DATA SHOWN section start

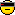 :cylon:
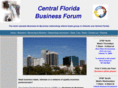 cfbf.net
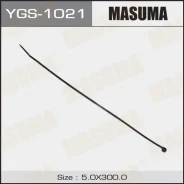 ����� ����������� (������) Masuma, 5�300��, ������, ���. YGS-1021, �������� 100 �� ��������� �� �������� 100 �� ����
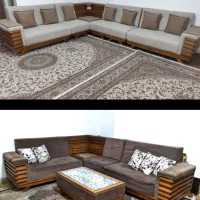 تعمیرات مبلمان تهران کرج حمل و نقل رایگان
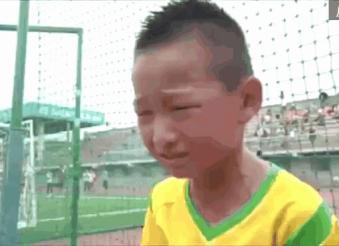 不想和傻子呆在一起,不想和傻子互动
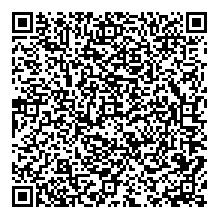 Lahlouhe Abdenour_GW60q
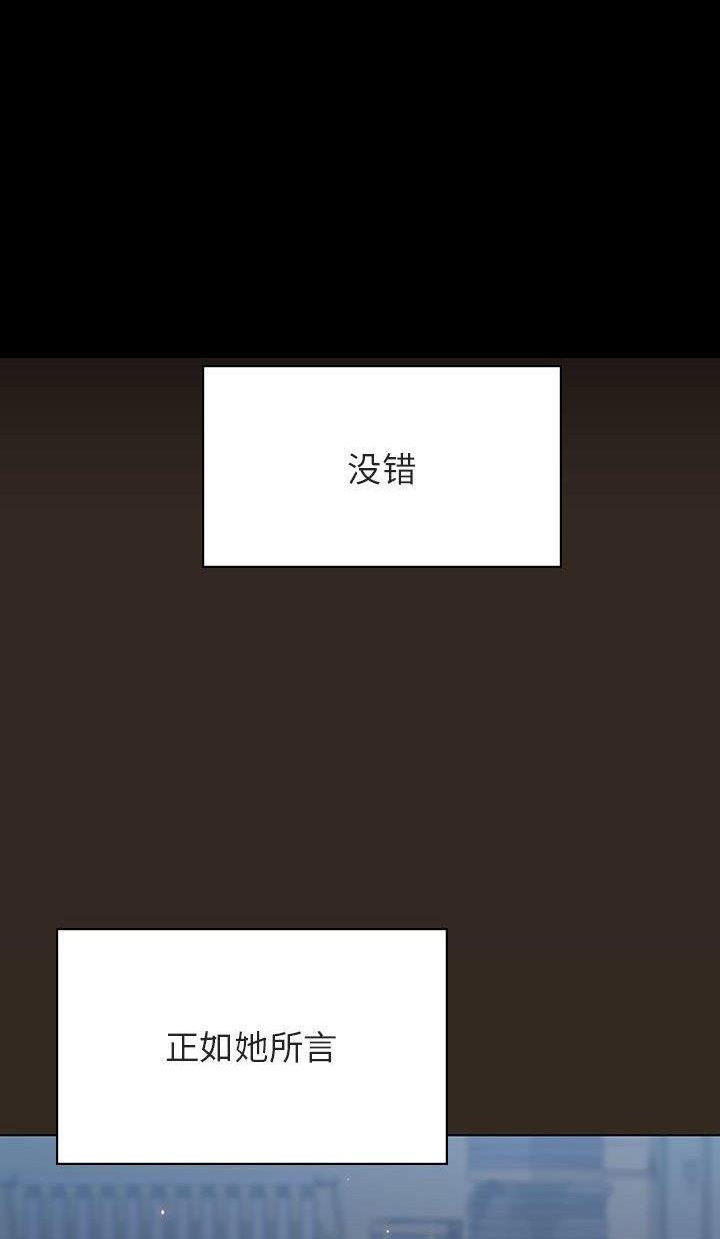 第115话0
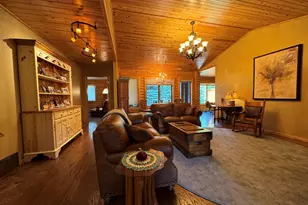 521 Northwoods Cir S, Walker, MN 56484 - Photo 3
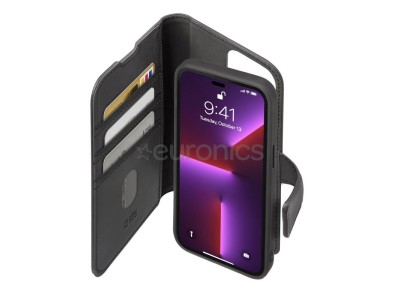 SBS Duo Mag Wallet, iPhone 14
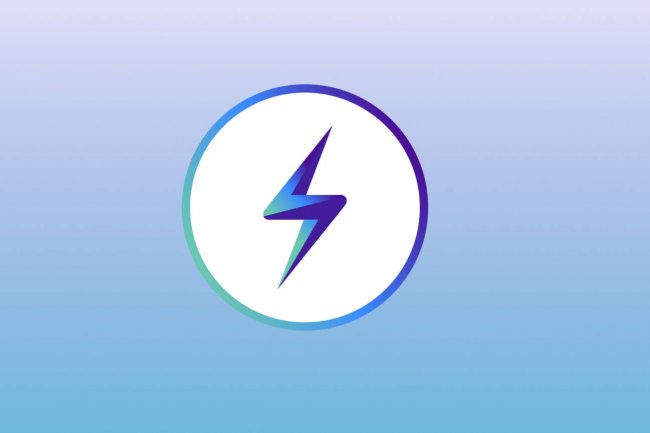 Bitcoin Lightning Network 5.000 BTC Kapasiteye Ulaşarak Yeni Bir Rekora İmza Attı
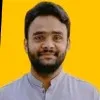 Sufian Rana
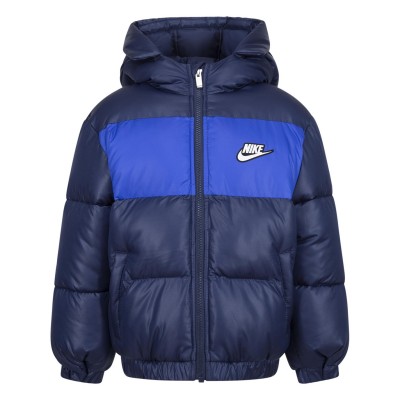 яке,дрехи,за,училище,разпродажба,nike,ученическо,облекло,детски,якета,и,палта,nike,water,resistant,puffer,jacket,in41,midnight,navy
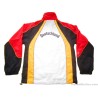 2003/2005 Germany Women's Player Issue Jacket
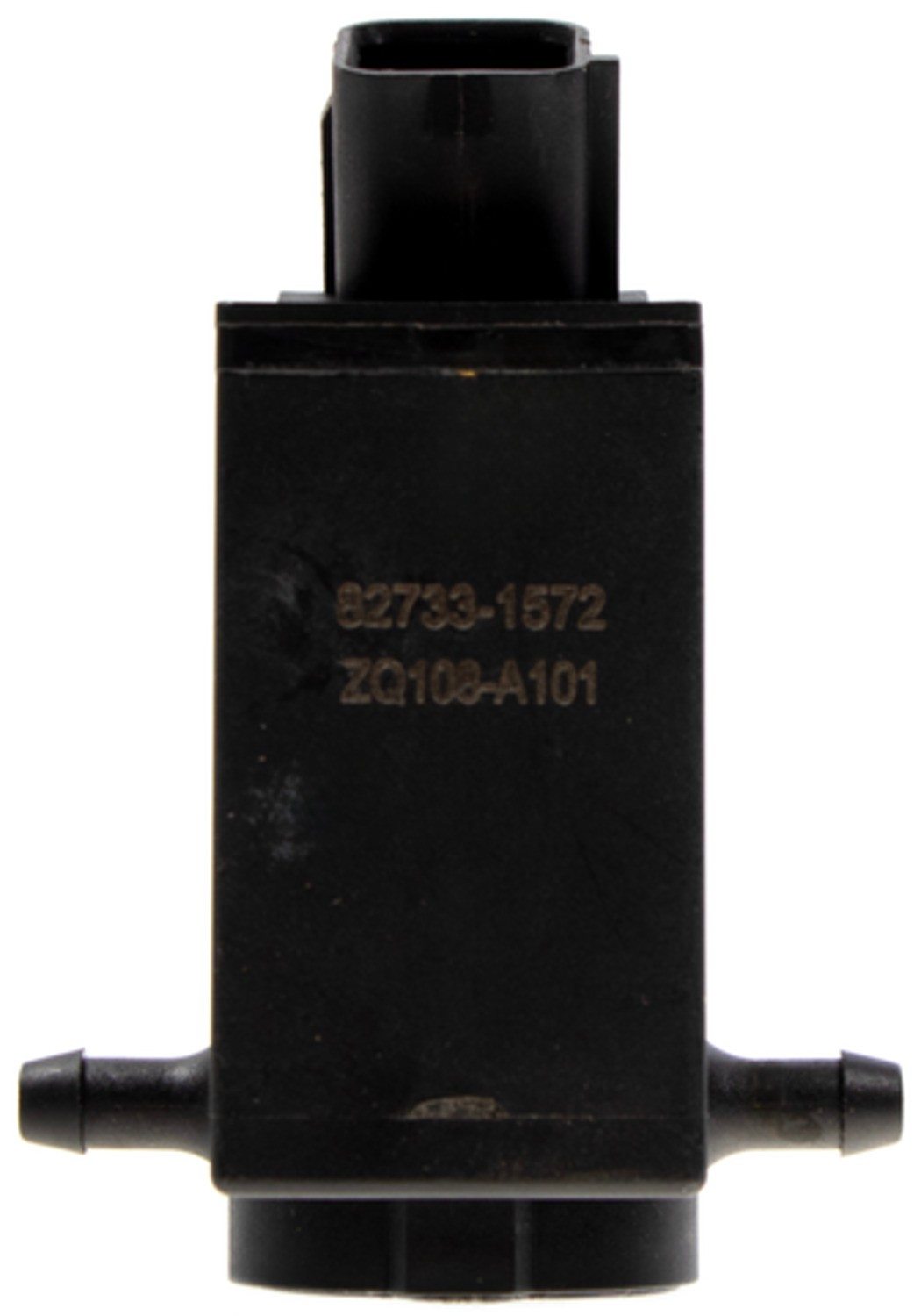 ACI Windshield Washer Pump 377148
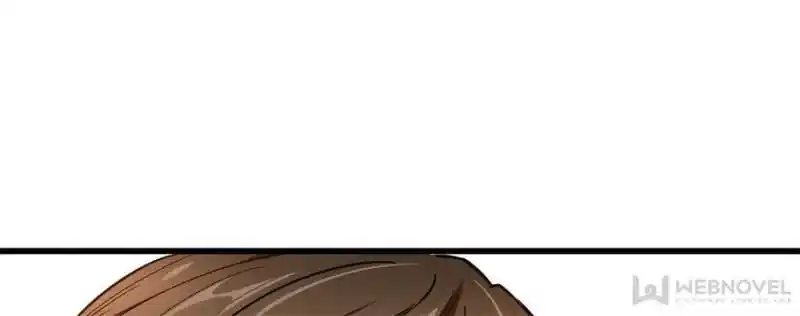 The King’s Avatar Chapter 100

DATA SHOWN section end

● **WHAT YOU SHOULD DO**: Pictures don't belong in the copy. Restate all the entries exactly.

● **WRITTEN ANSWER**:
 :cylon:
 cfbf.net
 ����� ����������� (������) Masuma, 5�300��, ������, ���. YGS-1021, �������� 100 �� ��������� �� �������� 100 �� ����
 تعمیرات مبلمان تهران کرج حمل و نقل رایگان
 不想和傻子呆在一起,不想和傻子互动
 Lahlouhe Abdenour_GW60q
 第115话0
 521 Northwoods Cir S, Walker, MN 56484 - Photo 3
 SBS Duo Mag Wallet, iPhone 14
 Bitcoin Lightning Network 5.000 BTC Kapasiteye Ulaşarak Yeni Bir Rekora İmza Attı
 Sufian Rana
 яке,дрехи,за,училище,разпродажба,nike,ученическо,облекло,детски,якета,и,палта,nike,water,resistant,puffer,jacket,in41,midnight,navy
 2003/2005 Germany Women's Player Issue Jacket
 ACI Windshield Washer Pump 377148
 The King’s Avatar Chapter 100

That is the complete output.